Quelques fois, il me suffit d’être
debout pour qu’un vertige indéfinissable s’empare de moi.
Je ne sais pourquoi je me suis réfugié
si haut perché, jusque dans ma tête. A me faire des idées sur le
monde. Toujours est-il que par mes yeux je me vois dévaler de toute
ma hauteur, à commencer par mes joues creuses qui n’offrent aucune
prises, jusqu’aux lèvres ou il serait encore envisageable de
trouver refuge.
Mais rien n’y fait.
Et je me vois tomber sans que rien ne
puisse, pas même mes épaules, me ramener à la raison et me faire
constater que je n’ai pas bougé d’un poil et que je suis
toujours derrière mes yeux, bien arrimé à ce grand corps.

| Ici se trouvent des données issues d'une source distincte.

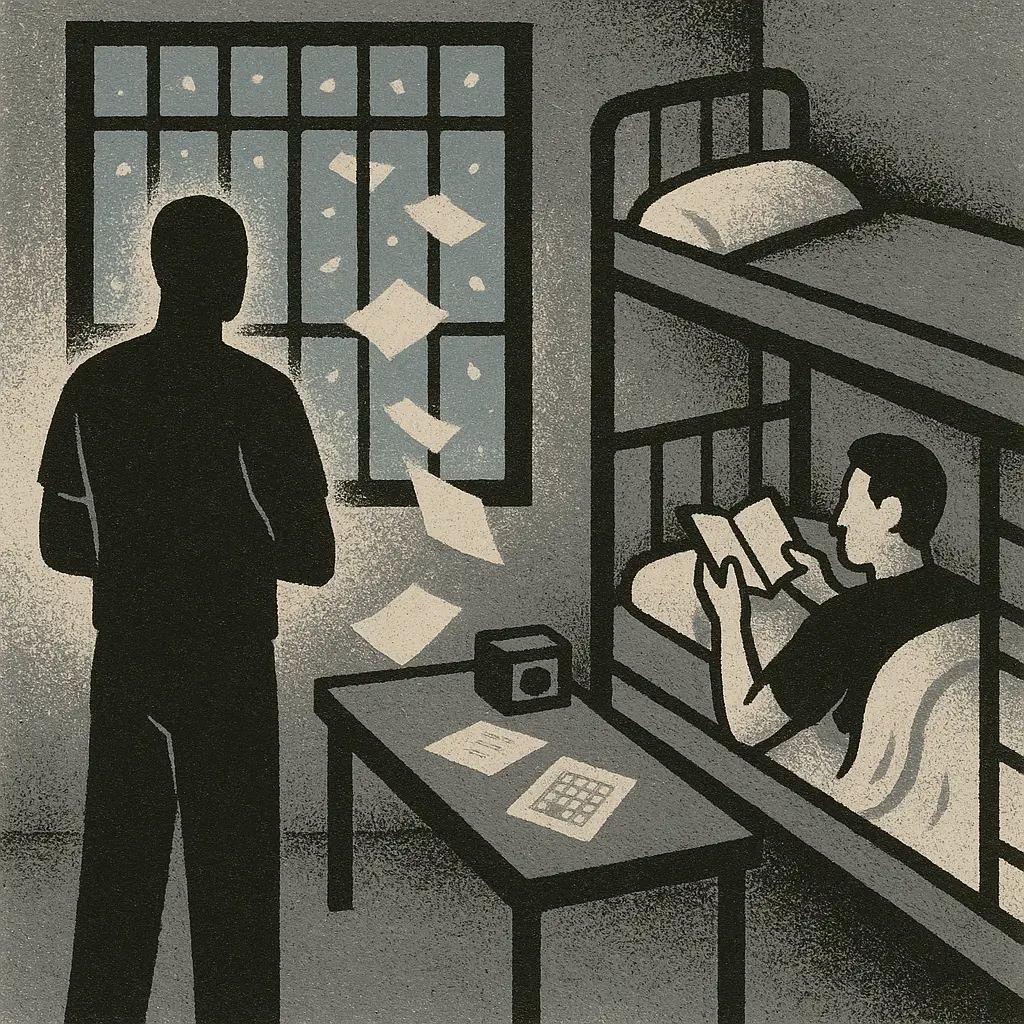 Two inmates in prison cell, one reading on bunk, other looking out barred window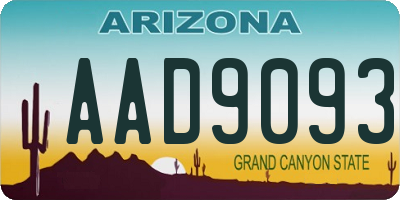 AZ license plate AAD9093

Je ne connais personne, à part moi,
que de telles sensations accablent.
L’autre jour, je m’étais laissé
griser par la vie, n’ayant pas depuis quelques jours subits la
moindre affliction.
Je me suis mis en tête de vouloir
visiter la région.
Pour se faire,
j’ai sorti du tiroir de la commode une des grandes cartes qui
permet sans avoir pris le moindre ascendants d’observer de haut le
monde. Le simple mortel aurait son esprit occupé par les légendes,
les noms, les lignes pointillés, le tracé des routes ; il
aurait scrupuleusement à l’aide du premier marqueur venu, tracé
son itinéraire au milieu des symboles, mais pensez-vous pour moi,
tout juste dépliée la vaste surface de papier s’est aussitôt
révélé panoramique et vertigineuse. Captivé par ces proportions,
j'avais aussitôt perdu de vu qu'il s'agissait d'une carte et j'étais
comme celui qui vient d'ouvrir la large porte coulissante de l'avion,
ou l'air sauvagement s'engouffre, et réalise qu'il va devoir
effectuer son tout premier saut dans l'intangible vide. Heureusement,
Je fus de peu rattraper par le bureau et la chaise sur laquelle
j’étais encore assis et je dus abandonner l’idée de prévoir ma
route, laissant une nouvelle fois faire le hasard.